I'm not ignoring the poll, but I had already decided to watch Harmagedon (aka Genma Taisen) for this Thursday. Back when I bought it, I had heard it was bad, and thrown it into my cart in the hope that it would be amusing.
Yeah, no. If I had planned this to torture y'all (which might have crossed my mind), it backfired spectacularly.
Starting the movie a day early saved my butt. When my eyelids kept sliding closed, I knew I wasn't going to make it through the movie in one go. No matter, I thought, I've at least put a dent into it -- I must have watched at least an hour!
I had not watched at least an hour. But I was determined to make it to that mark so that I could feel accomplished. I stood up, bounced around a bit, and took off my necklace to start twirling it around and around my finger. Starting the movie back up, I kept checking the time. 50 minutes...53 minutes...56 minutes...is it my imagination, or is this scene getting slower? 58...59...finally! I impatiently waited for Jo and his older sister to fly into the sunset (not romantic, nor (I hope) intended to be), and then shut it off.

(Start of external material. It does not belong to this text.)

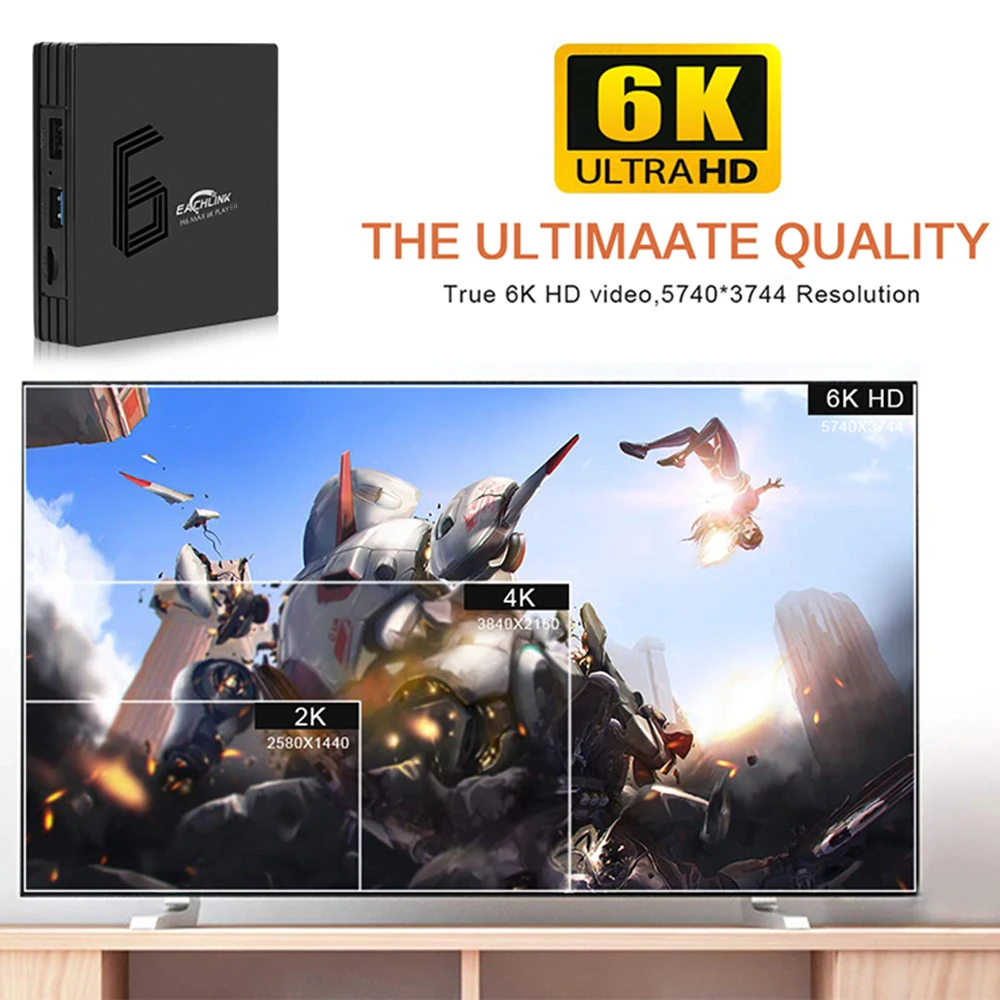 Смарт-ТВ приставка EACHLINK H6 MAX Android 9,0 Allwinner H6 4K медиаплеер 6K HDR H.265 BT4.1 4 GB/64 GB 2,4G/5G WiFi приставка android Smart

Today, I tried to figure out where I left off from the chapter menu, and finally selected "The End Begins". Yeah fucking right -- the end was over an hour away.
I should probably explain the story, such as it is: Princess Luna of Transylvania receives a message for an unworldly entity warning her of Genma, a force that will swallow Earth completely, as it has done to countless other planets. With Vega, a cyborg from one of those worlds, she must assemble six other psionic warriors to fight this global terror.

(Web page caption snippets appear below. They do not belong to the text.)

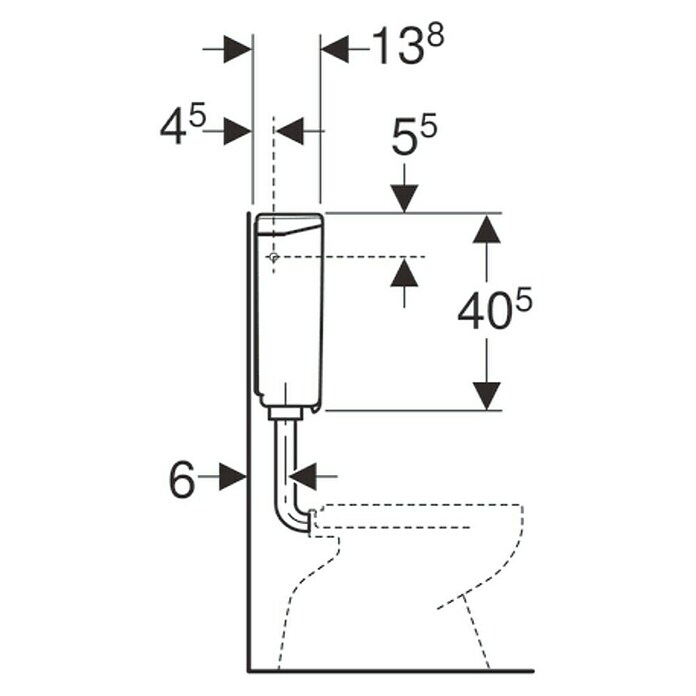 Geberit Spülkasten (Spülmenge: 3 - 6 l, Weiß, L x B x H: 41 x 13,8 x 40,5 cm)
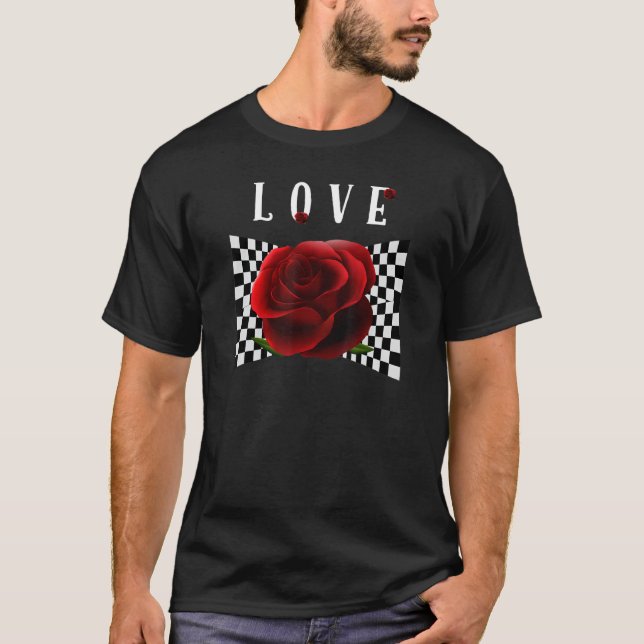Love Chequerboard Rose tee Shirt (Front)
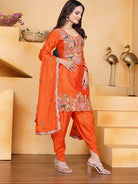 Orange Chinon Silk Embroidered Punjabi Dhoti Suit Set - BONYHUBSALWAR KAMEEZ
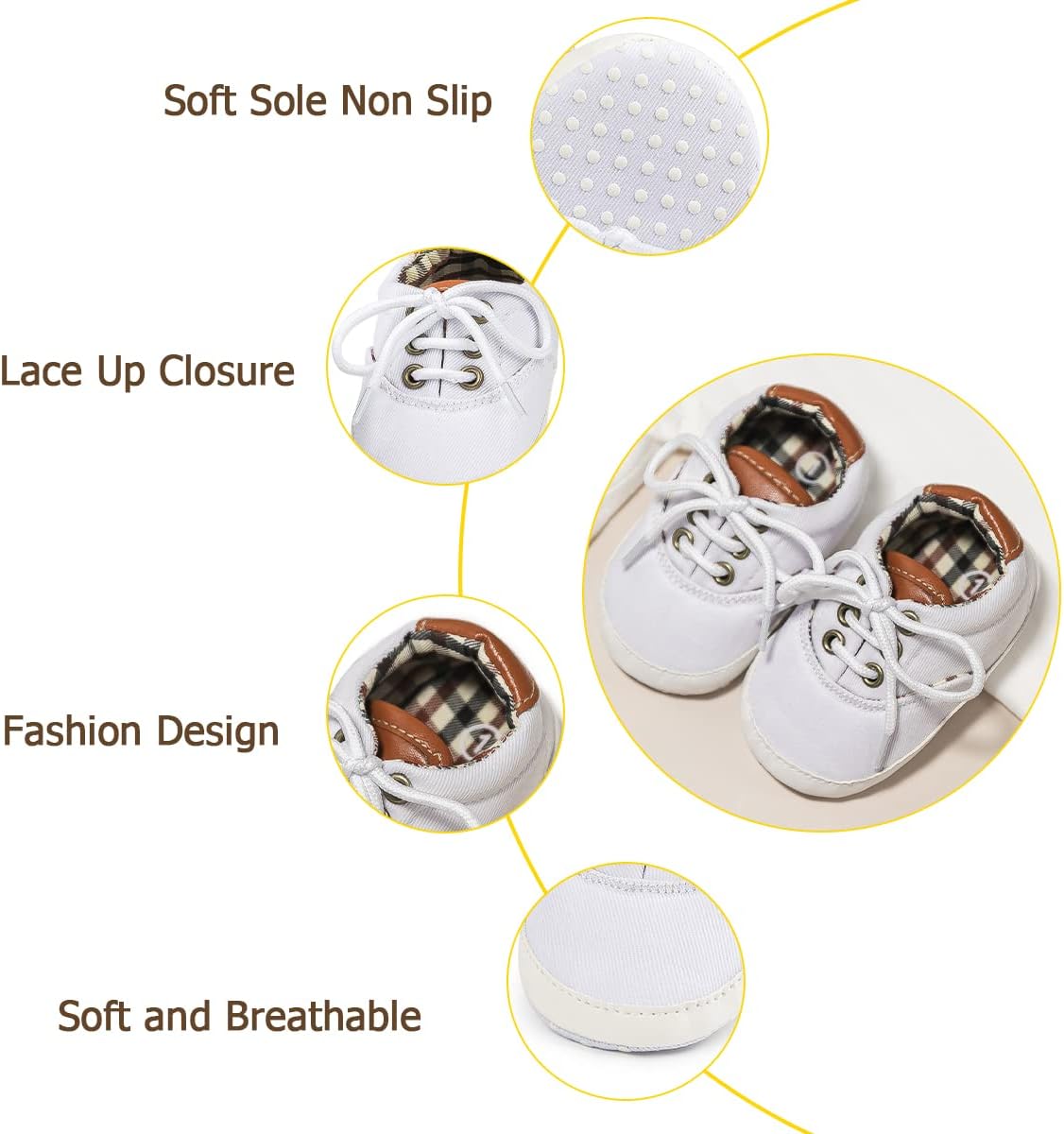 Morbido Infant Baby Boys Girls Canvas Sneaker Toddler Slip On Anti Skid Newborn First Walkers Candy Shoes for 0-18 Months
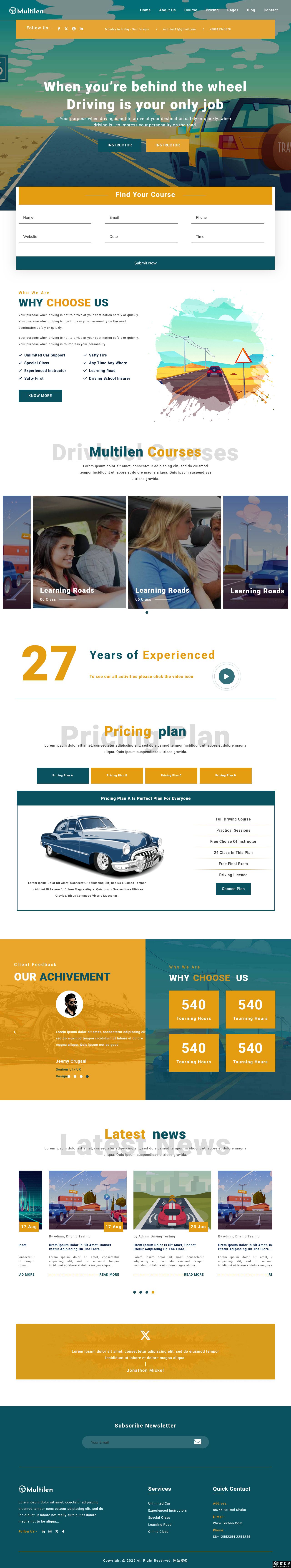驾校学车课程网站模板-PC预览
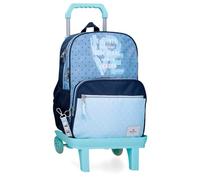 Pepe Jeans Noni Denim Mochila Doble Compartimento con Carro Azul 30x40x12 cms Poliéster by Joumma Bags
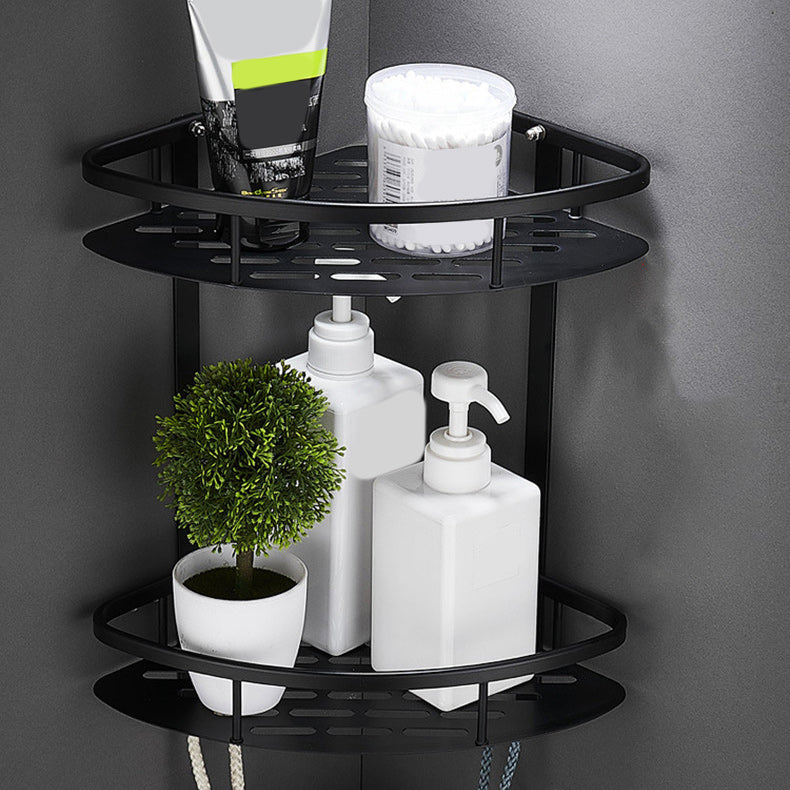 BowLift | 6-piece modern bathroom hardware set in matte black with bathroom shelf/towel holder & bathrobe hook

If this sounds like a generic sci-fi quest film, that's because it is. There isn't anything this movie does well, and very little it does competently. Sound effects are frequently wrong, animation utilizes as many shortcuts as possible, voice acting is flat for the most part (and certain voices are definitely miscast), characters are horrible stereotypes, and the pacing. Oh my god, the pacing. It has to be experienced to be believed. I honestly thought that Jo would be the leader of the psionic warriors, since he gets more than 40 minutes of backstory. That would be understandable in a TV series, but not in a movie that is 2 hours and 15 minutes.

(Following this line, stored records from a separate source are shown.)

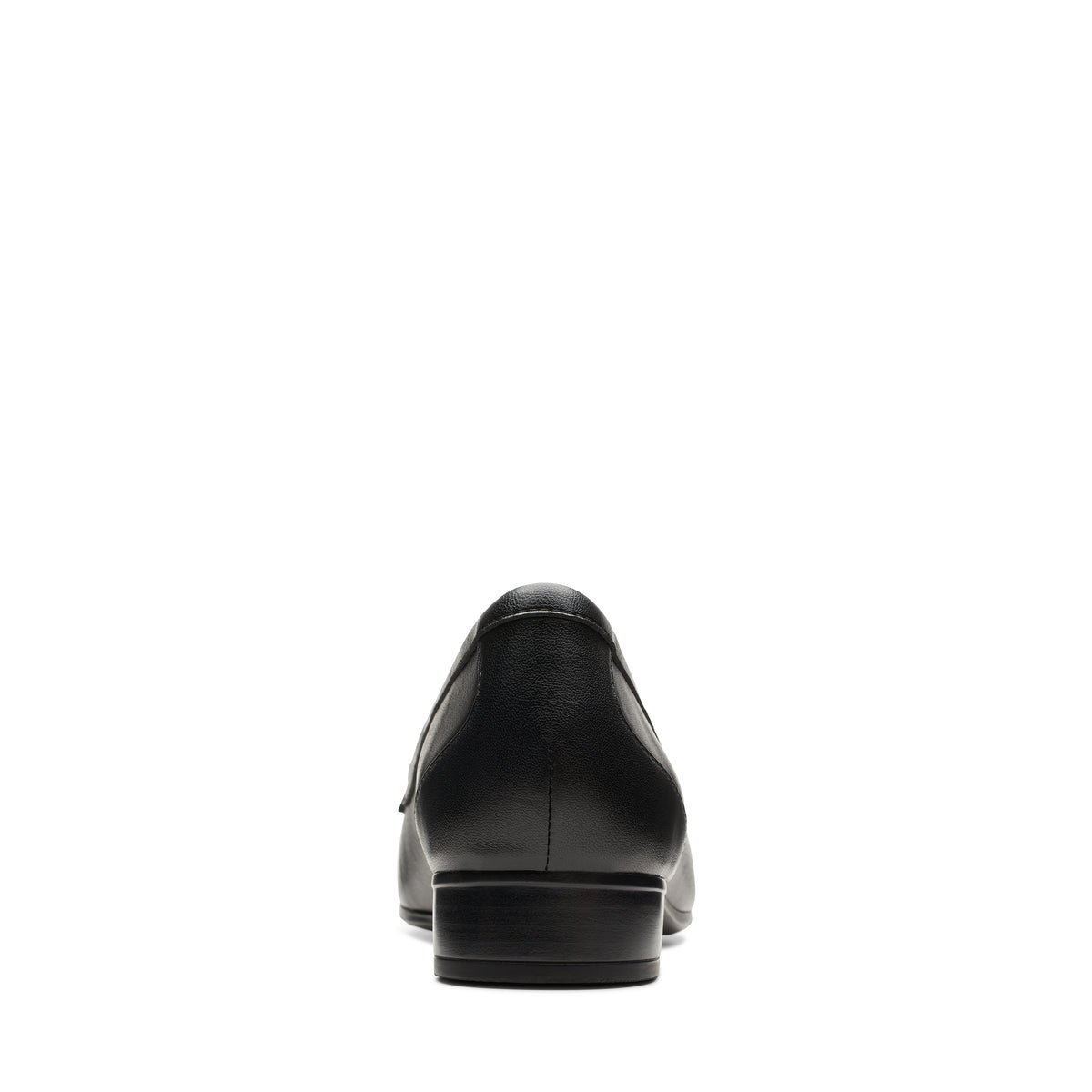 Rear view of a shiny black leather flat shoe with a small heel.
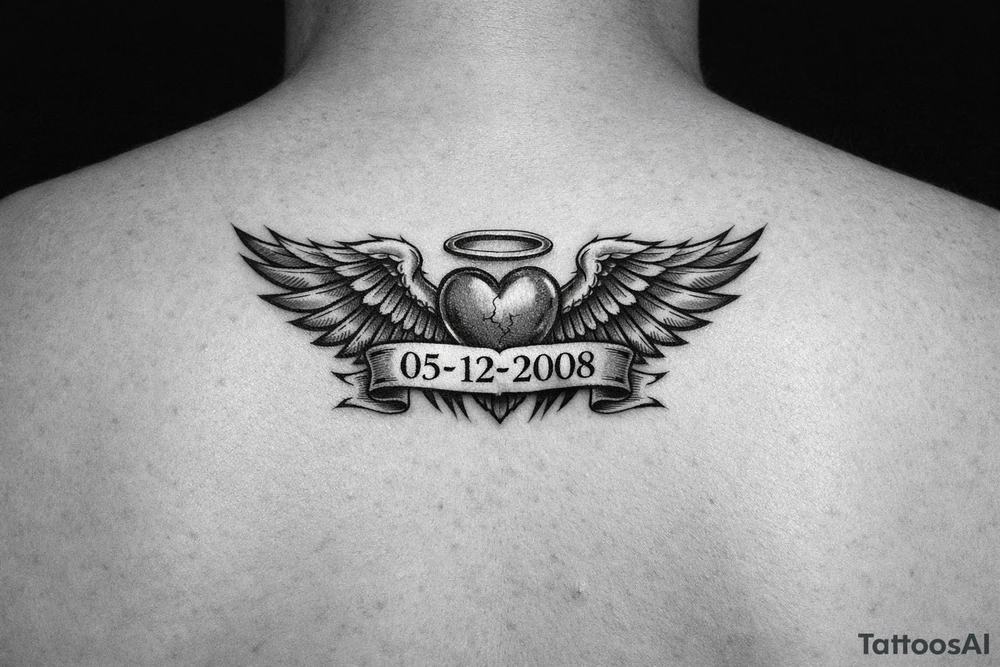 A tattoo with wings or something similar, with a date, because my mother passed away many years ago, on the arm tattoo idea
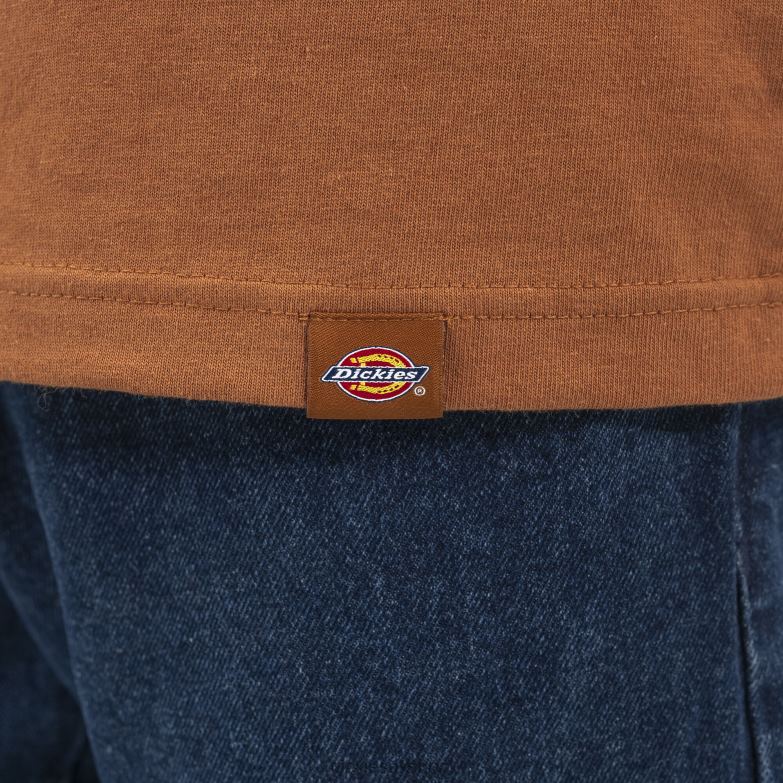 Long Sleeve Henley T-Shirt Men Dickies Gingerbread Brown (IE) 88T84807 Apparel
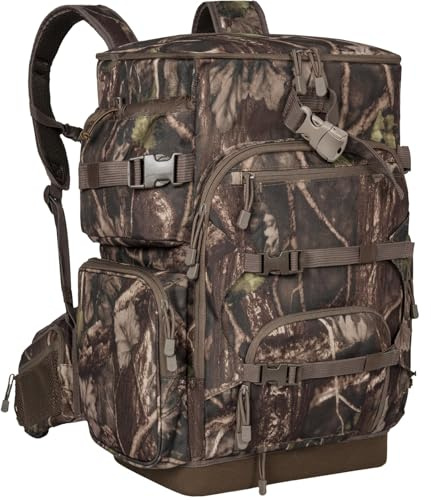 OUUTMEE Jagd Rucksack Camo Outdoor Jagd Pack für Bogen oder Gewehr mit Halter für Jagd Camping Wandern, Camo B, 50L, Harte Unterseite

This movie is so bad that Jo saves Bambi...twice. This movie is so bad that a cop shoots a roller skate off a kid's foot without damaging the foot. This movie is so bad that the psionic warrior from India is named Yogin -- and yes, he is a yogi. This movie is so bad that there is a No play-like witch in the beginning that babbles out the plot, and the animators recycle her lengthy animation later in the movie. This movie is so bad that the most interesting part was when Vega accused Luna of being racist. This movie is so bad that there is a Psychic Wave Massage used.
This movie is so bad that it should have been something that I was laughing at for two hours. Instead, I was yawning and pausing the movie to do other things. A lot.
I watched the interview with director Rin Taro because I wanted to learn the secret to why this film was so shitty -- was it source material, creative differences, executive meddling? Alas, the "interview" is less than two minutes long and has Rin Taro saying that the movie was a success because it was realistic.
Cue face falling neatly into palm.
When I think back on this film, I don't think realistic. I remember something so disasterous that it should never have gotten out of the planning stages. Someone should have understood what a pile of dreck that this would become. (Perhaps there is an answer in the director commentary, but it will take a stronger woman than me to find it.)
The only good thing about this entire disc is that it has a preview for the Revolutionary Girl Utena Black Rose Saga, which is awesome. I wonder if this was the way fandom discovered that CPM had picked up the rest of the series?